In Prince Consort Ladygirl that trivial imperfection is audibility. The brief spoken sections are admirably clear and enjoyable, but they pop out of the rest of the opera like unexpected signposts on an empty road. For the rest of the time, even though they are singing in English, the cast are essentially impossible to understand.
This is down to several factors: the music, for all its beauty, is simply much louder than the voices; the microphones, worn clipped to the faces of the actors, don’t punch enough volume to compete; the rustling of material, and nasal huffing and puffing, when amplified, often drown out words; and it’s a feature of this genre that the violin plays the exact musical line as the voice, meaning they tend to cancel each other out. But overpowering all these other factors is the one that gets you every time: the notorious acoustics of the O’Reilly Theatre. It’s a booming, echoey space, and few productions are able to wrestle its fearsome frequencies into submission.
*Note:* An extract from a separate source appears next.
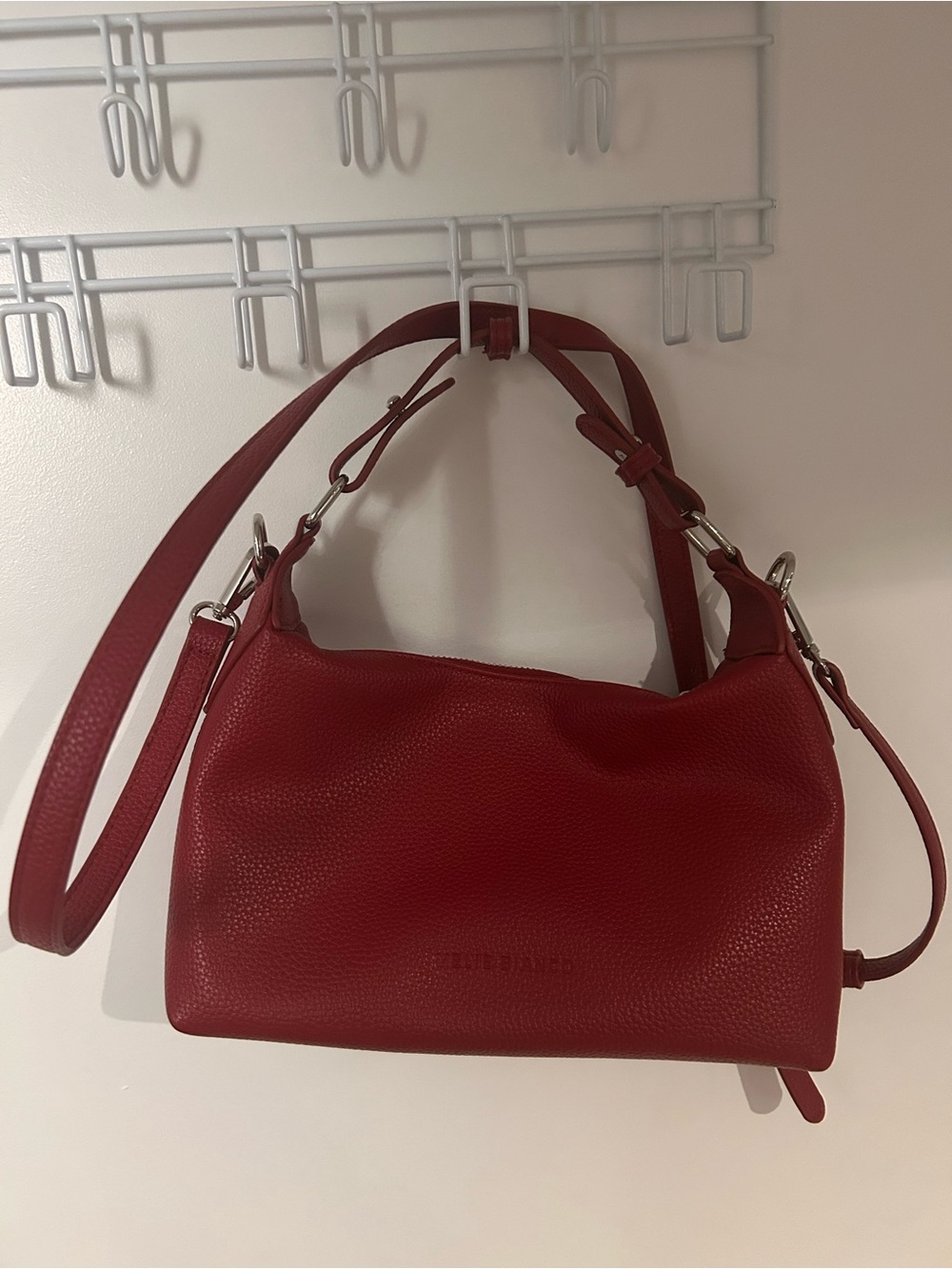Classic Red Pebbled Crossbody Shoulder Bag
One solution would have been to use surtitles. And it’s a shame Red Threaded Theatre didn’t try that, because they would have enabled the audience not only to understand what was happening, but to enjoy the witty detail of the translation. Audibility is only one problem in an otherwise fascinating and vitally different production. But unfortunately it literally prevents viewers from being able to engage with the material. We are sitting on the outside, like English tourists: politely impressed but fundamentally excluded. Let us in!
If the team behind this production chooses to bring us another Huangmei opera – and I fervently hope that they do – then they’re already 80% there. Get the last bit right, and we’ll really be able to appreciate this astonishing achievement.